The Missing Picture seamlessly blends archival footage with hand-carved painted clay figures to depict himself, his family, the people that he encountered and his surroundings, but the result is anything but wooden. In one scene, the masses of clay figures are standing in a wide city street depicted in black and white film in the background as they are led away from their homes to propaganda, dehumanizing forced labor, starvation and death.
The Missing Picture does not always tell Panh’s story in a linear narrative. Panh often compares and contrasts the reality of the world outside Cambodia with the real versus the propaganda propagated by the Khmer Rouge. Sometimes an experience is a segway to a memory of better times or present day as he tries to cope with his memories and survivor’s guilt.
The Missing Picture was originally in French, but the version that I saw was in English. I would suggest using subtitles since some of the terms used are already confusing since some things get lost in translation, especially when you’re talking about a surreal and torturous experience in reeducation.

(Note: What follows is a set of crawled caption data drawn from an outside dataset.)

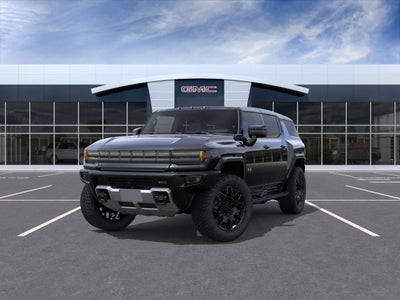 2026 GMC HUMMER EV SUV 2X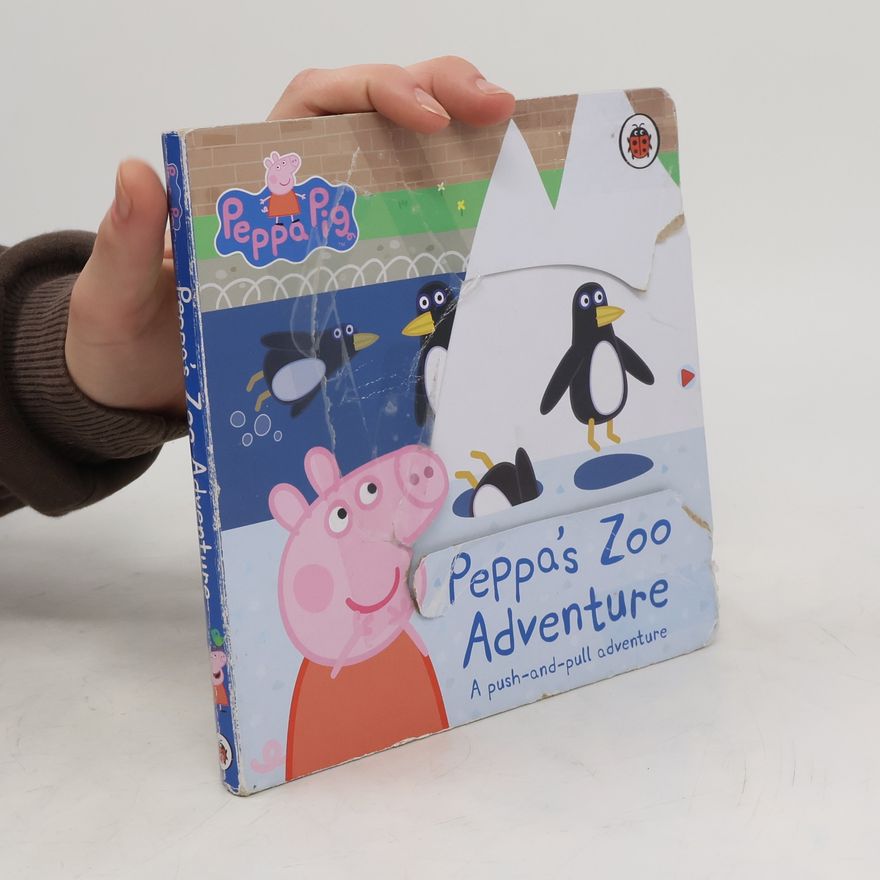 Peppa Pig Peppa's Zoo Adventure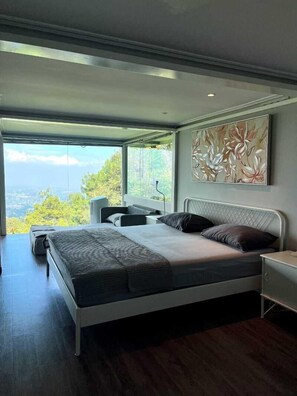 Free WiFi - The Pine Forest Villas (Megamendung)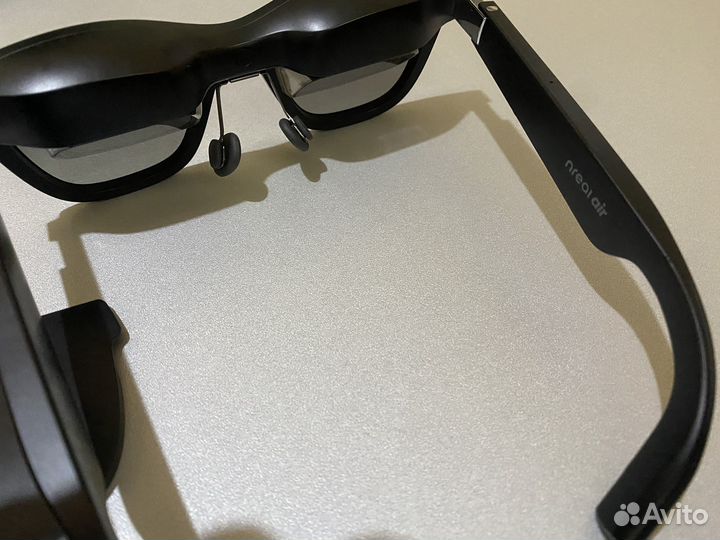 Очки вирт реал. nreal (xreal) air плюс переходник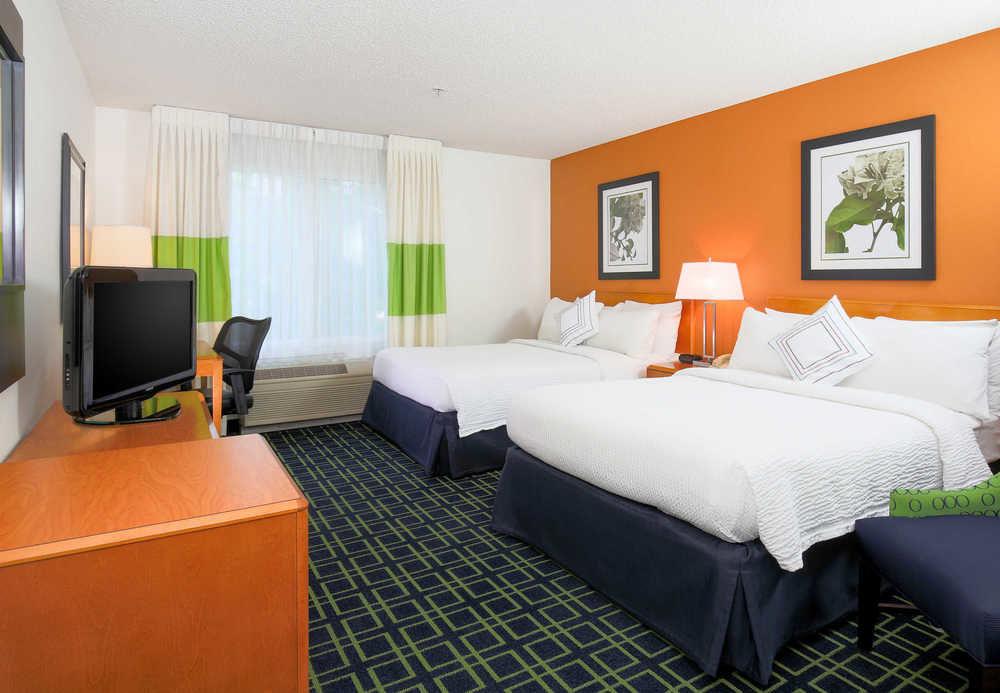 Fairfield Inn & Suites By Marriott Reno Sparks Kültér fotó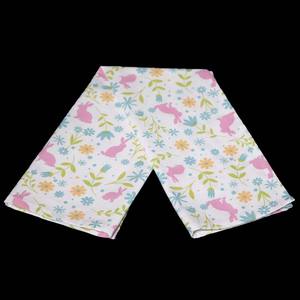 บรรจุภัณฑ์แบบกำหนดเองได้ พร้อมด้วยผ้าลินินสำหรับห้องครัวคุณภาพดีที่สุด พิมพ์ลายสวยงาม ผลิตจากผ้าฝ้าย 100% จากอินเดีย - Product Image 3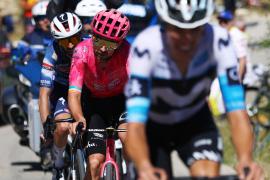 Paret-Peintre gana la etapa y Enric Mas se queda cerca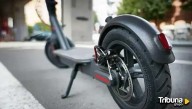 Nuevo accidente con un patinete involucrado: Un joven acaba en el hospital de Salamanca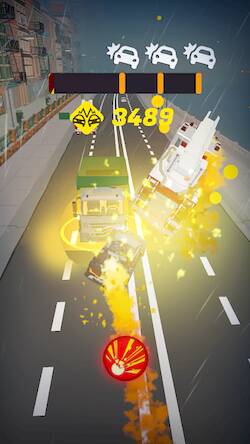 Скачать взломанную Road Storm [Мод меню] MOD apk на Андроид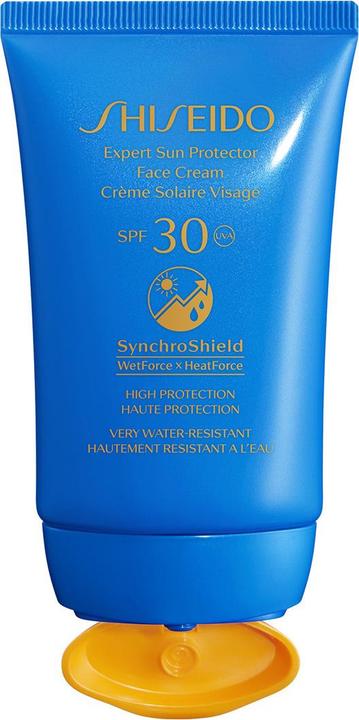 Actual product image Shiseido Expert Sun Protector Face Cream (SPF 30, 50 ml)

Not since Marwencol have I been so unexpectedly shocked by the seemingly rigid figures effectively communicating the emotional and psychological reality of the director to the viewer. The Missing Picture is must see viewing so see it before it expires on Netflix. The Missing Picture is also a timely cautionary tale for anyone who happily demonizes intellectuals or experts and would rather listen to anyone else, particularly the mythic man on the street. As Khmer Rouge discovered, such action only leads to famine and death.